Na egal, die Asiaten stehen auf Plüsch und ich muss es ja nicht mein ganzes Leben lang ertragen. Julia und ich bekommen ein Gästezimmer mit eigenem Bad zur Verfügung; das Bad ist nagelneu, allerdings weißt Rochim uns darauf hin, dass die Klospülung kaputt ist. (Ich werde mich in einer ruhigen Minute hinsetzen und das halbwegs reparieren. Jetzt geht die Spülung wieder, allerdings nur, wenn man mit sehr viel Gefühl drückt. Wenn man zu fest auf den Schalter drückt, fliegt alles wieer auseinander…) Außerdem gibt es nur kaltes Wasser (wieso sollte man bei durchschnittlich 30 Grad auch warm Duschen wollen?) und keine separate Dusche, sondern den Schlauch mit Duschkopf aus der Wand und dem Abfluss am Boden. Zudem gibt es kein Waschbecken. Das wird noch witzig werden, wie Julia und ich uns beim Zähneputzen anstellen. Denn der Abfluss unter der Dusche ist der einzige im Bad.

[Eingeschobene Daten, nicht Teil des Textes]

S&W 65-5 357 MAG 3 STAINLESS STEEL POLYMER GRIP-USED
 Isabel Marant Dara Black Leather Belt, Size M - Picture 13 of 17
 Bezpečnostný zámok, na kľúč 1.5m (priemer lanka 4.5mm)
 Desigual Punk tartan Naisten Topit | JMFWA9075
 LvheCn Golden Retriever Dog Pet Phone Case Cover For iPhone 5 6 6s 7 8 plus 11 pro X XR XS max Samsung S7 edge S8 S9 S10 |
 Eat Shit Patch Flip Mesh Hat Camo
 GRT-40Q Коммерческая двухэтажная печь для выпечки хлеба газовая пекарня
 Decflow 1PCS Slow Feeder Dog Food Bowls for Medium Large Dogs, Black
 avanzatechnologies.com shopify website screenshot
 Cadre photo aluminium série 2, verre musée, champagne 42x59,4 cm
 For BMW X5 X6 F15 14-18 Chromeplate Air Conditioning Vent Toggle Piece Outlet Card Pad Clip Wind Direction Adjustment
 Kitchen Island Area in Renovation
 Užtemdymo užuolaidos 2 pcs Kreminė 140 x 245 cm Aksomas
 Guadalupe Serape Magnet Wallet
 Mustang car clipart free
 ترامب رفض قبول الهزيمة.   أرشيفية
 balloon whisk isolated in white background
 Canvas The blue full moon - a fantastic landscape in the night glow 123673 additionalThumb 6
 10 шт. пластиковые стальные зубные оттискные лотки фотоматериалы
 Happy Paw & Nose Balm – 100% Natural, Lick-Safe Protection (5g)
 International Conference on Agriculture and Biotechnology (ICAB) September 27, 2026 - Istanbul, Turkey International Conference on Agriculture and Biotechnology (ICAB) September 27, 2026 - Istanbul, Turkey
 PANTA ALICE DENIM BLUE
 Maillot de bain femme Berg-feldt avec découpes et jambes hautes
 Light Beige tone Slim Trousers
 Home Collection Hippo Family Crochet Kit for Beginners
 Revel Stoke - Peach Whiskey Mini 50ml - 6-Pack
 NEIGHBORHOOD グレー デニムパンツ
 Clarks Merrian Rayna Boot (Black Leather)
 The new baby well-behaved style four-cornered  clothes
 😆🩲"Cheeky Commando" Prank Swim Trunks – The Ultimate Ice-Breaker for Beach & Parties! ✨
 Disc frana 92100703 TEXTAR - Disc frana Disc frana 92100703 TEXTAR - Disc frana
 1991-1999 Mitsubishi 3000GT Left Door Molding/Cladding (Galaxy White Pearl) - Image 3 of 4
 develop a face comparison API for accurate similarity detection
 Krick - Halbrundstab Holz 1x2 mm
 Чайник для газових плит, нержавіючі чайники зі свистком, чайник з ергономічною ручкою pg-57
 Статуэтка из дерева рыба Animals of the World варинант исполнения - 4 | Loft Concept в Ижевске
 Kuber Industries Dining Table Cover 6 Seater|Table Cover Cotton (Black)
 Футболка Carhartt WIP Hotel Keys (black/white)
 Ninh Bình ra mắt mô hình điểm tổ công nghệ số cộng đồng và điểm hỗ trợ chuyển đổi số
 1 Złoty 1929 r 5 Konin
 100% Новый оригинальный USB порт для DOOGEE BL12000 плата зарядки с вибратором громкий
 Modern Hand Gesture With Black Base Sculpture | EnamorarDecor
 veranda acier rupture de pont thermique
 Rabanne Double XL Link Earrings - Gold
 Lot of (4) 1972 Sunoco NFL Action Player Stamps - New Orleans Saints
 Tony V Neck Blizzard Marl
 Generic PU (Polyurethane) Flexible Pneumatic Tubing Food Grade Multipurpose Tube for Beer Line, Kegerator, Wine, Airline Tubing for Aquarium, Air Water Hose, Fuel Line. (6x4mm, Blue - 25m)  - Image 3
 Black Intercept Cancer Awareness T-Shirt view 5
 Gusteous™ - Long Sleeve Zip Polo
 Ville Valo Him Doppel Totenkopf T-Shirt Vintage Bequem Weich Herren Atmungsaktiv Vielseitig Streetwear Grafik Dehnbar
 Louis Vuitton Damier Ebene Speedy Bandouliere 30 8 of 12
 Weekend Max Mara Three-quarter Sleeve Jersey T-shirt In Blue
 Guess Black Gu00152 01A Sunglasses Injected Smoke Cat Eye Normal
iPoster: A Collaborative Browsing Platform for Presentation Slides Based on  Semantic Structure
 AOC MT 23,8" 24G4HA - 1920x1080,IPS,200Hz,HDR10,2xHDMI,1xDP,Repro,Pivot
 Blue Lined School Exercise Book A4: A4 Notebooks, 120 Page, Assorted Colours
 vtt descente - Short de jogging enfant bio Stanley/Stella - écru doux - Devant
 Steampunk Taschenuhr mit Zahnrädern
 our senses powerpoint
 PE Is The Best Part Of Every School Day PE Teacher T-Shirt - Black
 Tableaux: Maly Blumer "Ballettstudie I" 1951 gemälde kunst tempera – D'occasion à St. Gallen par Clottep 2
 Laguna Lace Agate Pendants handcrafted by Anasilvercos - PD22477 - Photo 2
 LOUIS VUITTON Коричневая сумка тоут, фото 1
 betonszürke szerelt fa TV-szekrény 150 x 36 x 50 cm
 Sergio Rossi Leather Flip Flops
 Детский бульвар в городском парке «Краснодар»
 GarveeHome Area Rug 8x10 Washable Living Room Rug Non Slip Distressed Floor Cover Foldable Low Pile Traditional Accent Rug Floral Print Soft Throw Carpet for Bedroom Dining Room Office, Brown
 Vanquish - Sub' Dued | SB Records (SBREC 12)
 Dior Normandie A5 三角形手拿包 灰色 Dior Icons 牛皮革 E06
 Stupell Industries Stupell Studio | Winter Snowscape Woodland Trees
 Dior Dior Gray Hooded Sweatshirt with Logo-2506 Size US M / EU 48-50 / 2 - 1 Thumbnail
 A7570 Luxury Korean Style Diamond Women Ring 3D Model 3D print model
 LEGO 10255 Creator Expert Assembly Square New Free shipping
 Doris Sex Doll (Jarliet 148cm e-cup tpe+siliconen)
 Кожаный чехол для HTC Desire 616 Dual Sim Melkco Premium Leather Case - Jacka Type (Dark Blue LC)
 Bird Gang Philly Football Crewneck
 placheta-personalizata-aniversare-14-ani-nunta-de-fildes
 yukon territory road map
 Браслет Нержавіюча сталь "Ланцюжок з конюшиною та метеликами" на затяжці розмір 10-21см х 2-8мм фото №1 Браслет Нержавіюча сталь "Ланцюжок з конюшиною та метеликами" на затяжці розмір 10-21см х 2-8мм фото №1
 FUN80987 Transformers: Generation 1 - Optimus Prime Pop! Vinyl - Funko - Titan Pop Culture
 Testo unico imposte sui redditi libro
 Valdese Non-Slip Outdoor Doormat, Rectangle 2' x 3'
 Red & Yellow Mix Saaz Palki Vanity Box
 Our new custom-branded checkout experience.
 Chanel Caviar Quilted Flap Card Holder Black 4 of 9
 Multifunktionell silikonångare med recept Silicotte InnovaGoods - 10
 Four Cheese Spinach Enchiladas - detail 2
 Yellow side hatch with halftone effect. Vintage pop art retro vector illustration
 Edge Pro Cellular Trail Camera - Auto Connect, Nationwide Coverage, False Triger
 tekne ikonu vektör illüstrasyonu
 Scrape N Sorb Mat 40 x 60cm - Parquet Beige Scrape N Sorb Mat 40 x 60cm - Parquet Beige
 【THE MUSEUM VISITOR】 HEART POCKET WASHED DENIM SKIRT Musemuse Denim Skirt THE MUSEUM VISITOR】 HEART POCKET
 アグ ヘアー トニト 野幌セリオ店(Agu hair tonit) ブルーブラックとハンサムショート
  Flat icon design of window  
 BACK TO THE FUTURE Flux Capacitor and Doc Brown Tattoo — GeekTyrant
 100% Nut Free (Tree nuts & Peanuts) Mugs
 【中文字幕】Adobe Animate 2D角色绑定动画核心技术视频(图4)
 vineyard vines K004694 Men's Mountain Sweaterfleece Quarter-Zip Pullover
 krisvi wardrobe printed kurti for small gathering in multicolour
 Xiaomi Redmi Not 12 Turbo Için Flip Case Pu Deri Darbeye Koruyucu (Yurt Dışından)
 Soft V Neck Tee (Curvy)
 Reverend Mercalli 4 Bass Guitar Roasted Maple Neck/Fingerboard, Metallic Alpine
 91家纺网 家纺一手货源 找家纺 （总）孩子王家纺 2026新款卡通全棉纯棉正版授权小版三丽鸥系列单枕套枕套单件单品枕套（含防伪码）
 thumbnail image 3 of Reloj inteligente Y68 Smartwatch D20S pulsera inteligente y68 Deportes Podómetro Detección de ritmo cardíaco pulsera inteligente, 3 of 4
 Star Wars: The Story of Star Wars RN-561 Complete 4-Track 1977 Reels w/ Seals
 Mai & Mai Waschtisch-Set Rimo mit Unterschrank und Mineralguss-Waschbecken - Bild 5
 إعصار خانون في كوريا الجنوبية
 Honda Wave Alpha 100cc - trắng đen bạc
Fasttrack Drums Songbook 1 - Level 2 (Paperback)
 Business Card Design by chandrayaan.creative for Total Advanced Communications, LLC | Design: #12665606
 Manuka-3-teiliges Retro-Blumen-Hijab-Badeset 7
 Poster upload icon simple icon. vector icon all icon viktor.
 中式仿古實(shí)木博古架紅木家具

Unser schlechtes Gewissen lindert sich also zusehends ob des schicken Hauses.
Wir werden mit Tee, Keksen und Obst versorgt, während uns stolz die Hochzeitsfotos, die Großmutter Mimi (Mater matrona est), die Ehefrau Itci (sehr lieb, aber ein bisschen schüchtern) und die Kinder präsentiert werden. Die sind aber auch wirklich süß. zwei Jahre und vier Monate alt.
Und sie haben einen Heiden-Respekt vor Julia und mir, den komischen weißen. Im Kulturschock-Indonesien-Buch steht, dass den Kindern Geschichten erzählt werden, in denen die Kinder, wenn sie nicht brav sind, von Weißen geholt und aufgegessen werden. Vielleicht deswegen beäugen uns die beiden sehr skeptisch.
Dann gibt es Abendessen, wir sind sehr unsicher und wissen nicht so genau, was wir wie machen sollen. Aber da Essen ist sehr gut, traditionell indonesisches Gemüse, Rindfleisch, Reis und Sojataschen frittiert. Danach unterhalten wir uns noch ein wenig, dann plant Rochim mit uns noch ein wenig die Reiseroute und anschließend fallen Julia und ich ziemlich tot ins Bett.